Despite the Taoiseach's attempt to waffle his way around the report in yesterday's editions, this is precisely what has happened. Seizing the opportunity presented by Fine Gael last Thursday week, the Fianna Fail/Progressive Democrats Coalition has, knowingly, drawn the guillotine down on an amendment in the Dail which bans the carrying out and publishing of opinion polls in the seven days immediately before polling day. All of its legal advices are that this proposal could interfere with Article 40.6.1 of the Constitution: the right of the citizens to express freely their convictions and opinions, subject only "public order and morality".
The proposing Minister of State, Mr Robert Molloy, maintains that the ban on polls has been considered by the Government on a number of occasions in the last year. How strange that it did not find its way into the Electoral (Amendment) Bill, 2000, when it was first published. How strange that it did not surface when the Bill went through the Seanad. And how opportunistic that the Government only ran with the ban after Ms Olivia Mitchell of Fine Gael proposed it in a Dail committee last week. Then the legal advice was withheld, not just from Seanad and the Dail, but from their prohibition partners, Fine Gael.

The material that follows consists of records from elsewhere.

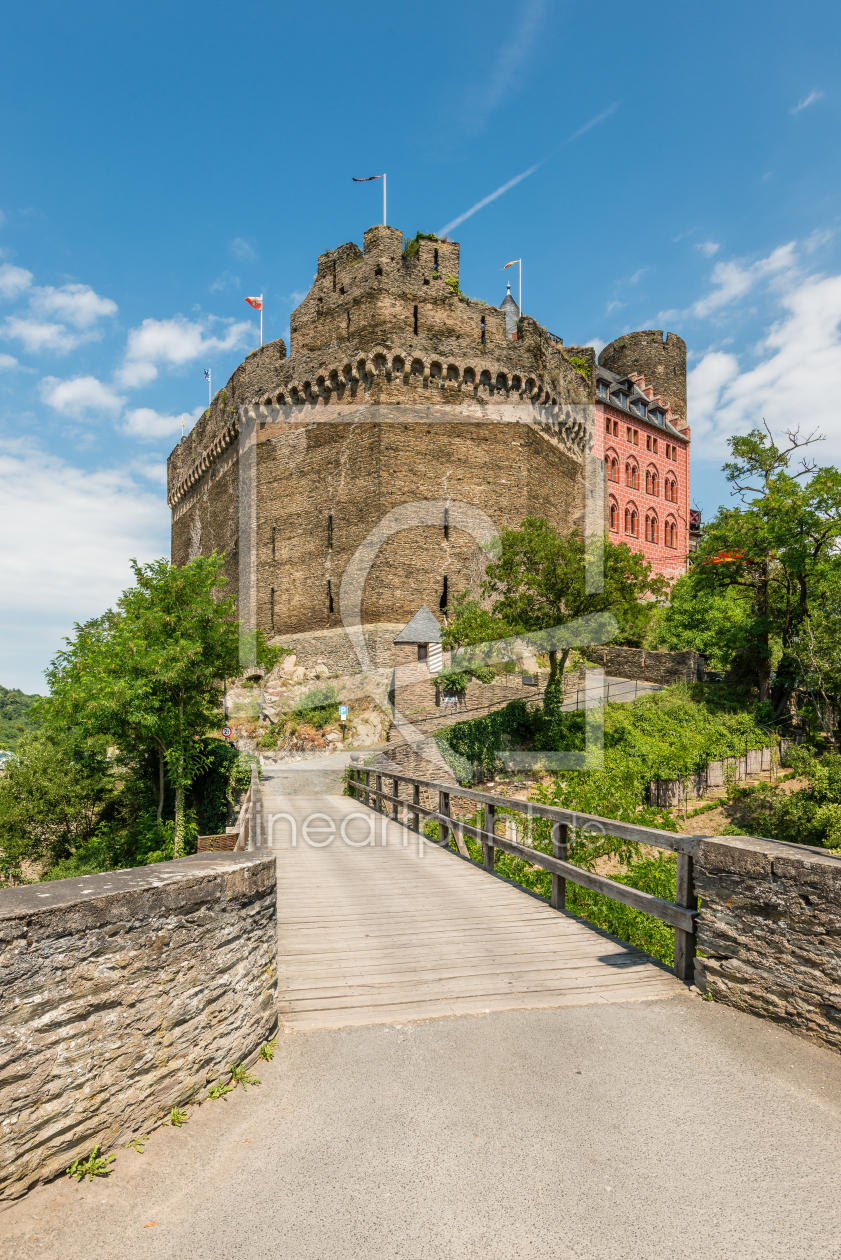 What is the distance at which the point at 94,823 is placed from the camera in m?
25.1

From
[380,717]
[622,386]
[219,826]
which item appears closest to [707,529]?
[380,717]

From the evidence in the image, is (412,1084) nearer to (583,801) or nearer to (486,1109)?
(486,1109)

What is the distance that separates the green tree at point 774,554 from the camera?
20.9 metres

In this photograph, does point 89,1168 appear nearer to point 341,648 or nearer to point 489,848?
point 489,848

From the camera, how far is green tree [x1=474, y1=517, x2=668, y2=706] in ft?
67.3

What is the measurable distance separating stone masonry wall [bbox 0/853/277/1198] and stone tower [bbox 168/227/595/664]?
2263cm

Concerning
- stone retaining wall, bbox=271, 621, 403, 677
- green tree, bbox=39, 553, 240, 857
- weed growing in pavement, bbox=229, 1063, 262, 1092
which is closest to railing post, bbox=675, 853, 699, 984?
weed growing in pavement, bbox=229, 1063, 262, 1092

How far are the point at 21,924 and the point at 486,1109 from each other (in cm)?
199

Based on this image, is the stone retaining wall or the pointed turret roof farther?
the pointed turret roof

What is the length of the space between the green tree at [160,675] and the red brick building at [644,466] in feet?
85.6

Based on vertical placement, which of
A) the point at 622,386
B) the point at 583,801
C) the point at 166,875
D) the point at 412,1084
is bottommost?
→ the point at 583,801

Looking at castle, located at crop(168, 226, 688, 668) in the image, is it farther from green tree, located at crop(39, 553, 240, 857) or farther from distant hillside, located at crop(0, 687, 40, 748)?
distant hillside, located at crop(0, 687, 40, 748)

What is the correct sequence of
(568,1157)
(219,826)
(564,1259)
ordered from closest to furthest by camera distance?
(564,1259) → (568,1157) → (219,826)

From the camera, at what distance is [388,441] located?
1040 inches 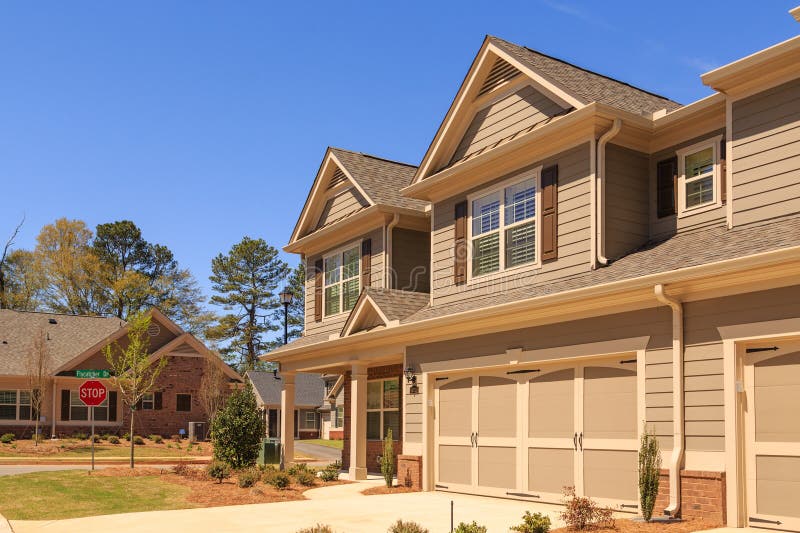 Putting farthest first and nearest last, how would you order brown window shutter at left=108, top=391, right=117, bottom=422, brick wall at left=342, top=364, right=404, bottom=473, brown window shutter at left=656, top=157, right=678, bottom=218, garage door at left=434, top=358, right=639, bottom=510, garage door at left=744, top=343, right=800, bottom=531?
1. brown window shutter at left=108, top=391, right=117, bottom=422
2. brick wall at left=342, top=364, right=404, bottom=473
3. brown window shutter at left=656, top=157, right=678, bottom=218
4. garage door at left=434, top=358, right=639, bottom=510
5. garage door at left=744, top=343, right=800, bottom=531

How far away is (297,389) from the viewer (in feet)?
193

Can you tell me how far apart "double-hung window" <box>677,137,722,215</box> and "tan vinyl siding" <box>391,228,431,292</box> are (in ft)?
28.2

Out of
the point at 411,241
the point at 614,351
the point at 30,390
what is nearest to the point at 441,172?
the point at 411,241

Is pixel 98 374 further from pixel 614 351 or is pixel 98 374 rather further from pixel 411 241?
pixel 614 351

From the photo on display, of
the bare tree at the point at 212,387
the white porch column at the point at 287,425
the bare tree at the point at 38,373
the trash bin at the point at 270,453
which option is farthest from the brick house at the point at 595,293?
the bare tree at the point at 212,387

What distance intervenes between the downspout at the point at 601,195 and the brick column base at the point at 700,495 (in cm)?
438

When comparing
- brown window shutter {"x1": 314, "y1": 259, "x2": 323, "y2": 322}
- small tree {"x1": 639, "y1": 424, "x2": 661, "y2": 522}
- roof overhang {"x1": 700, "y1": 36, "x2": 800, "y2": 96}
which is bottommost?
small tree {"x1": 639, "y1": 424, "x2": 661, "y2": 522}

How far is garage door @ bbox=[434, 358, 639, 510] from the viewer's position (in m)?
13.5

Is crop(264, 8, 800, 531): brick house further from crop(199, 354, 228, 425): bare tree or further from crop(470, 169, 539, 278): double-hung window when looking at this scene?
Result: crop(199, 354, 228, 425): bare tree

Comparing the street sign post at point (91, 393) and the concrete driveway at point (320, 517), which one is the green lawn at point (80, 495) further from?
the street sign post at point (91, 393)

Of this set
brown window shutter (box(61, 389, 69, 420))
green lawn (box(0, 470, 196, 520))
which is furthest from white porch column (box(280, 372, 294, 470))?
brown window shutter (box(61, 389, 69, 420))

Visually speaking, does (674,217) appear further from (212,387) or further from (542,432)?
(212,387)

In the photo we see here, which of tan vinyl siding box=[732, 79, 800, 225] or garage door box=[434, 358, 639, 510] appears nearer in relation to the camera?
tan vinyl siding box=[732, 79, 800, 225]

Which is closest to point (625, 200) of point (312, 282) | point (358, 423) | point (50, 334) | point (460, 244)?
point (460, 244) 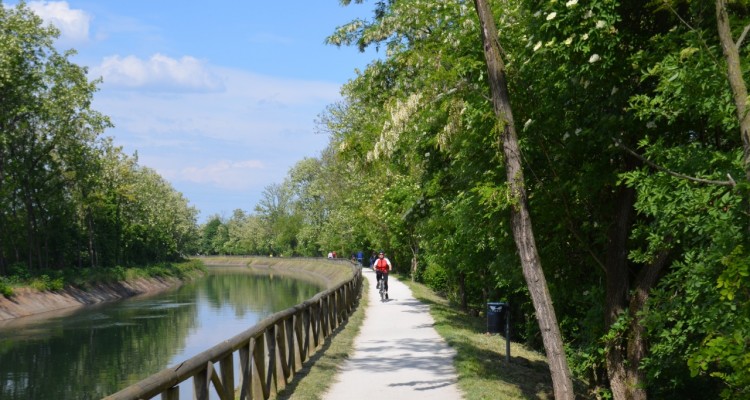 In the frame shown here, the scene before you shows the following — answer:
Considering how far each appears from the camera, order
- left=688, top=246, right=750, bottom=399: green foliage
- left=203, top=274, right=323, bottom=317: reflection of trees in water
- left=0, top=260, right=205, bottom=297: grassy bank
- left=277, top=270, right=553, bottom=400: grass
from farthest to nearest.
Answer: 1. left=0, top=260, right=205, bottom=297: grassy bank
2. left=203, top=274, right=323, bottom=317: reflection of trees in water
3. left=277, top=270, right=553, bottom=400: grass
4. left=688, top=246, right=750, bottom=399: green foliage

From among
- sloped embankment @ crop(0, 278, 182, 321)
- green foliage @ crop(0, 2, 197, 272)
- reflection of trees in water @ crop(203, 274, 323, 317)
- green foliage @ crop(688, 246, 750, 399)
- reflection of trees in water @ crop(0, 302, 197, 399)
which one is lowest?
reflection of trees in water @ crop(0, 302, 197, 399)

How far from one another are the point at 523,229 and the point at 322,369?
553cm

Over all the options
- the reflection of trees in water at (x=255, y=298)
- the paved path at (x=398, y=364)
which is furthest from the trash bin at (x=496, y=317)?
the reflection of trees in water at (x=255, y=298)

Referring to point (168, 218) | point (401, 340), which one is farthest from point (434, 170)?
point (168, 218)

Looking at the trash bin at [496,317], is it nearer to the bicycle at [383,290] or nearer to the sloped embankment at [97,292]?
the bicycle at [383,290]

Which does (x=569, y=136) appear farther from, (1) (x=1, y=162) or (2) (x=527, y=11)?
(1) (x=1, y=162)

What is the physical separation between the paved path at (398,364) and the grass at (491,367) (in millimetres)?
227

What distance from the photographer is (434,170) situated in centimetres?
1616

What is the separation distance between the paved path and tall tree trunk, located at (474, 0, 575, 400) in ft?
8.24

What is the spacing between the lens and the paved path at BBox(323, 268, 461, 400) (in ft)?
36.0

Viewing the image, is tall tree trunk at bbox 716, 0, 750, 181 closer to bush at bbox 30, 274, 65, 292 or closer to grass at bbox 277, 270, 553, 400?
grass at bbox 277, 270, 553, 400

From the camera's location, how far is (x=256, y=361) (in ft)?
32.7

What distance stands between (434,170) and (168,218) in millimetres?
69210

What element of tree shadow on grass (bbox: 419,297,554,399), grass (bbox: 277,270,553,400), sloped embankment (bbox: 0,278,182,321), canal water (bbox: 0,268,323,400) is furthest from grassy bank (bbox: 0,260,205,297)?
tree shadow on grass (bbox: 419,297,554,399) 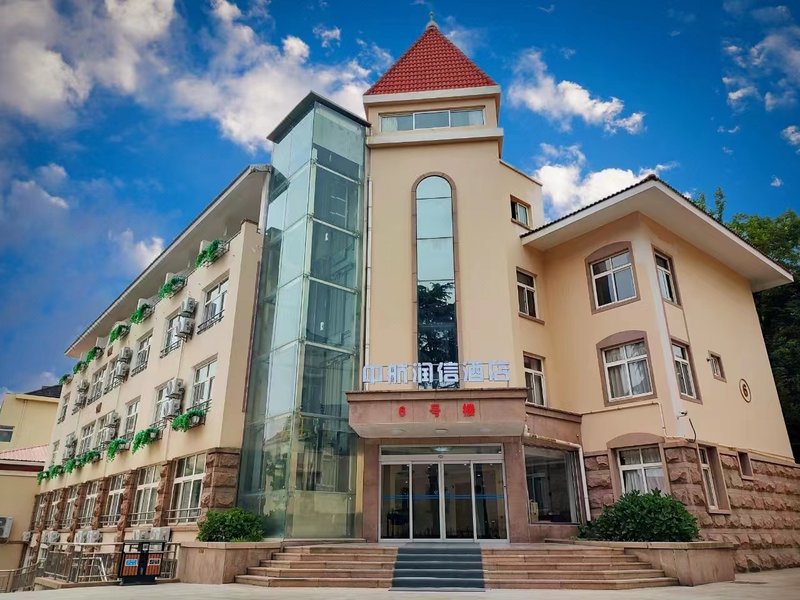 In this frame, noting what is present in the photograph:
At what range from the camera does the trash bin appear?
10648 millimetres

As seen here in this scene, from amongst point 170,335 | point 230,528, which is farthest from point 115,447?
point 230,528

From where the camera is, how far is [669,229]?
15.6 meters

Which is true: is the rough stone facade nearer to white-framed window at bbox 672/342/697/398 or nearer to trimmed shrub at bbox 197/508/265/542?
white-framed window at bbox 672/342/697/398

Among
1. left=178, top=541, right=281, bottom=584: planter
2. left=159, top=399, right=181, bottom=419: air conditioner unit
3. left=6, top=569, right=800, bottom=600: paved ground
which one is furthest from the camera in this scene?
left=159, top=399, right=181, bottom=419: air conditioner unit

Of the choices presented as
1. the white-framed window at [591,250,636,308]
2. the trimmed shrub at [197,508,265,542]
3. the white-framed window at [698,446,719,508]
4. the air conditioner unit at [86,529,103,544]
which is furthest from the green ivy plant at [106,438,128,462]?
the white-framed window at [698,446,719,508]

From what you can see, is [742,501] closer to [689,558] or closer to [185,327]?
[689,558]

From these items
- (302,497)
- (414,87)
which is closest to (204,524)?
(302,497)

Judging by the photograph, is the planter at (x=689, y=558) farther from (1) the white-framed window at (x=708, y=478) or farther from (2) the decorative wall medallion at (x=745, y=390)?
(2) the decorative wall medallion at (x=745, y=390)

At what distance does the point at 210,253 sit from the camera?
16578 millimetres

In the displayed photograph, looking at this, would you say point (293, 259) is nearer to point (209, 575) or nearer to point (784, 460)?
point (209, 575)

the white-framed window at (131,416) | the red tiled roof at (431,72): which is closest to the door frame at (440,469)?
the white-framed window at (131,416)

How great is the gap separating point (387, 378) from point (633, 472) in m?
6.17

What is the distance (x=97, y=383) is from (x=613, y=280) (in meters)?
21.9

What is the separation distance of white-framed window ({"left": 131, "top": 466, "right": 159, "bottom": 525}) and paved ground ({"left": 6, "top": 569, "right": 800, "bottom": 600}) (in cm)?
638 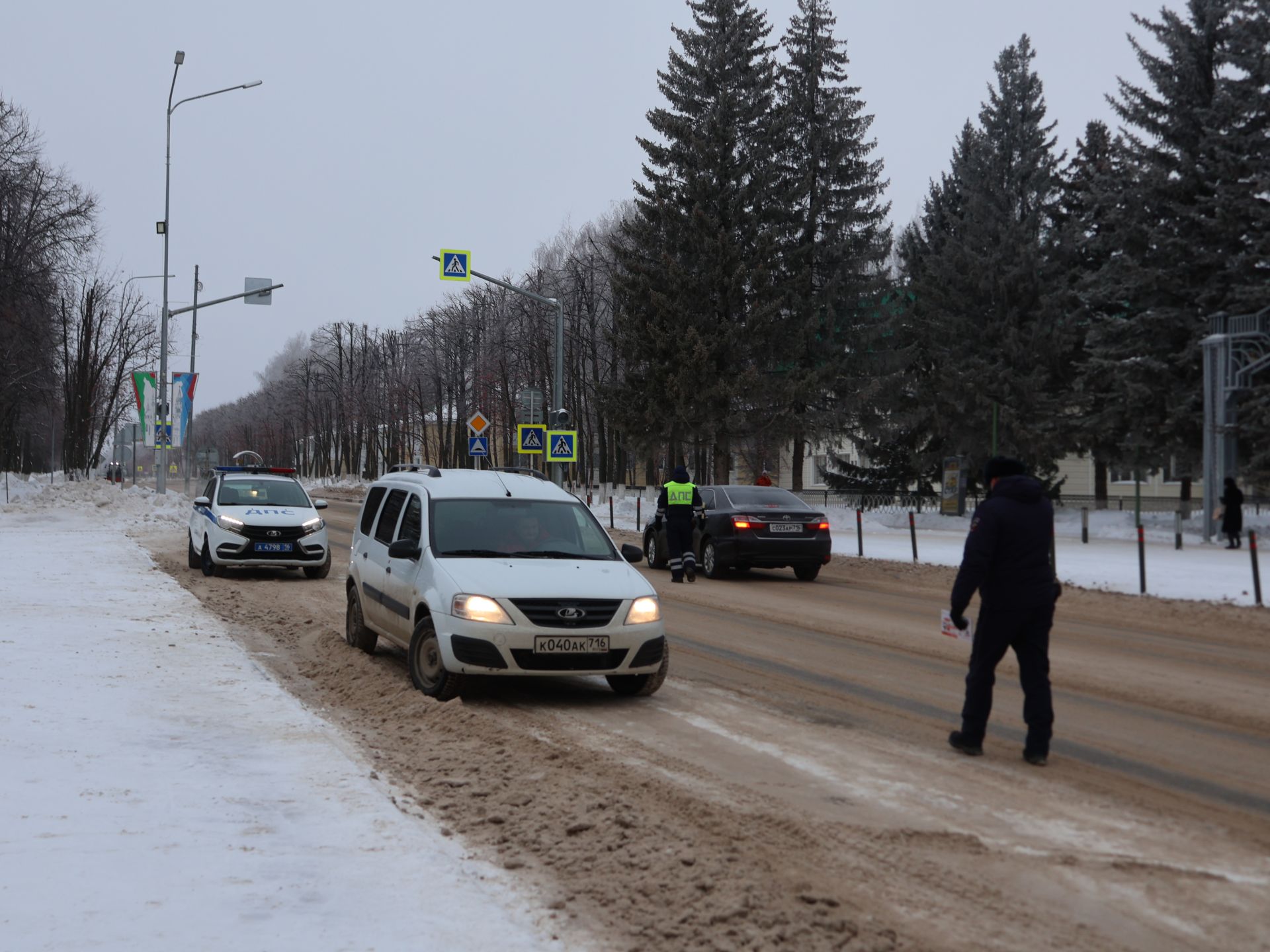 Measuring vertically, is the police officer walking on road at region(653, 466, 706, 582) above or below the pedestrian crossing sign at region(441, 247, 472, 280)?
below

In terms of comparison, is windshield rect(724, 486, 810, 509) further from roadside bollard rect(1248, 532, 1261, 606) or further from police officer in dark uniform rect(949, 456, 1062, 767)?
police officer in dark uniform rect(949, 456, 1062, 767)

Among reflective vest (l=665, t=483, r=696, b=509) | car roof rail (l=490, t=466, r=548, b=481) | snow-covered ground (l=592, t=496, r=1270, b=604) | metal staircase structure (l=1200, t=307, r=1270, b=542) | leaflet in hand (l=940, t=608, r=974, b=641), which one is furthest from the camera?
metal staircase structure (l=1200, t=307, r=1270, b=542)

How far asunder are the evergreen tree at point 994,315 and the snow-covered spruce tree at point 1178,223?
5836 mm

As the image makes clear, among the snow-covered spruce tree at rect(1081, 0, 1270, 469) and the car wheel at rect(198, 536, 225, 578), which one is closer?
the car wheel at rect(198, 536, 225, 578)

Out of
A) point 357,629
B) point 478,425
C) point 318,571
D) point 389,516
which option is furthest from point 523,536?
point 478,425

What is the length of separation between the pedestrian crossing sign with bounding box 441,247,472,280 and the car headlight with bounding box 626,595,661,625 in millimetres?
20862

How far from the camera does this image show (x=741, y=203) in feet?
129

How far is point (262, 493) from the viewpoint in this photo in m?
20.2

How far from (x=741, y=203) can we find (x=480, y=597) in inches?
1291

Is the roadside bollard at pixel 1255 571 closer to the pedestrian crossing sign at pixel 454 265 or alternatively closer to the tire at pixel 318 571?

This is bad politics and bad law, pushed through in an unseemly scramble to manipulate the nature of information given to voters as they prepare to exercise their franchise. It is not just a vested interest of the media. The Government should know by now that it is the citizens who hold the constitutional right to express freely their convictions and opinions. What must follow is an implied right for the newspapers to publish them.
Opinion polls today are merely a modern tool of political science. They have been used in general elections over the past 20 years. They have never been shown to have distorted the results. They are, in fact, the most independent material to be put before voters towards the end of a campaign as truth often becomes the casualty of the spins of politicians and parties.
The Taoiseach insists that the Bill will not be revised. Mr John Bruton, a member of the Council of State has suggested that the President, Mrs McAleese, should convene a meeting to discuss it. The National Newspapers of Ireland has decided to petition the President to exercise her powers to refer the Bill to the Supreme Court for a test of its constitutionality. In all of the prevailing circumstances, this would be a wise move. The Government's speed to suppress opinion polls stands in sharp contrast to its paralysis on reforming the laws of libel and contempt.